BEPS Action 15, 2015 final report also enumerate that the sovereign autonomy is the basic principle underpinning the international order particularly, in tax matters. The concept of sovereignty underpins the stable tax framework within which governments have been able to facilitate arrangements that allowed for the benefits of globalisation to flow to all market economies. An urge has been felt by G20 / OECD that there shall be new provisions – anti-treaty abuse in relation to hybrid mismatch arrangements and the compatibility with tax treaties of certain anti-BEPS measures. Domestic laws should express the commitment to the measures agreed under multi-lateral instruments to address treaty-based BEPS issues.
The Supreme Court of India in Ram Jethmalani v. Union of India [TS-5017-SC-2011-O] recognized the customary status of the Vienna Convention despite India not having ratified the convention yet. The courts in India have been leaning towards the principles of pacta sunt servanda and general rules of interpretation of a treaty, as contained in the Vienna convention, to embrace good faith compliance.
In Vodafone South Ltd., [TS-173-HC-2014(KAR)-O] it was held that any unilateral amendment or revocation of any clause in the domestic law contrary to what was agreed to and signed by both countries under DTAA, is a recognised sovereign power of the Legislature.
In Nokia (DIT v Nokia Networks OY and Ors. [TS-700-HC-2012(DEL)-O], it was held that retrospective amendments made to the definition of royalty under the Income Tax Act had no bearing on transactions taxed under DTAAs as the payment received was towards the title and GSM system of which software was an inseparable parts incapable of independent use and it was a contract for supply of goods.
However, in a recent Madras High Court decision [TS-5191-HC-2016(Madras)-O], it was observed that the Vienna Convention could not be invoked to prevent one contracting state from taking recourse to domestic law, when the other contracting state failed under its obligations of good faith compliance [at para 88.]. A Special Leave Petition has been filed by the petitioners before the Supreme Court against the Madras High Court decision which has recently been accepted. Hence, this matter is now before the Supreme Court.

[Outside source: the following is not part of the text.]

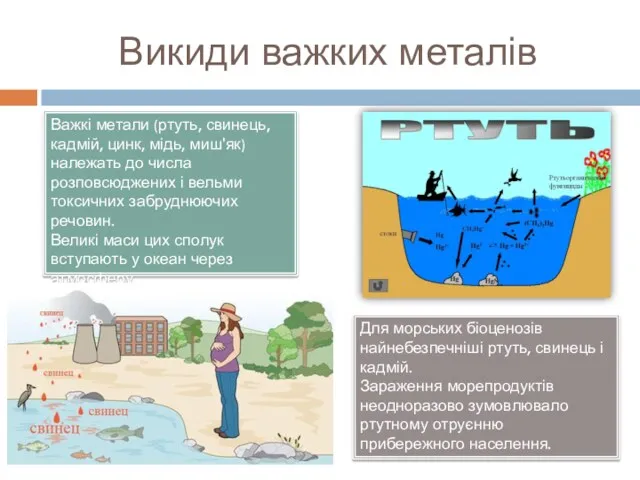 Важкі метали (ртуть, свинець, кадмій, цинк, мідь, миш'як) належать до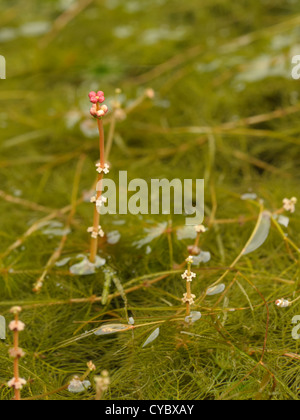 Acqua Spiked-achillea, Myriophyllum spicatum Foto Stock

Section 90 of the Indian Income Tax Act (“the Act”) empowers the Central Government to enter into an agreement with a foreign government for various purposes including avoidance of double taxation and exchange of information. Section 90(2) of the Act gives the taxpayer an option to choose between the Act and the treaty; whichever is more beneficial to him. It was observed in Azadi Bachao Andolan [TS-5-SC-2003-O] and in Kulandagan Chettiar [TS-34-SC-2004-O] that a tax treaty overrides the provisions of the Act in the matter of ascertainment of income and its chargeability to tax, to the extent of inconsistency with the terms of the treaty. This observation was primarily based on the inclusion of the phrase “subject to the provisions of this Act” under section 4 and 5 of the Act (“charging provisions”).
The Delhi High Court in New Skies Satellite BV [TS-5188-HC-2016(Delhi)-O] and Shin Satellite [TS-5188-HC-2016(Delhi)-O] also held that amendments to domestic tax laws could not result in amending any tax treaties entered into with other jurisdictions. The Court further observed that the Parliament even though the supreme legislative body cannot unilaterally amend the treaty. It is certainly true that law laid down by Parliament in our domestic context, even if it were in violation of treaty principles, is to be given effect to. But where the State unilaterally seeks to amend a treaty through its legislature, the situation becomes quite different from when it breaches the treaty. Hence, the courts in India thus far favoured the treaty law over the domestic law amendments.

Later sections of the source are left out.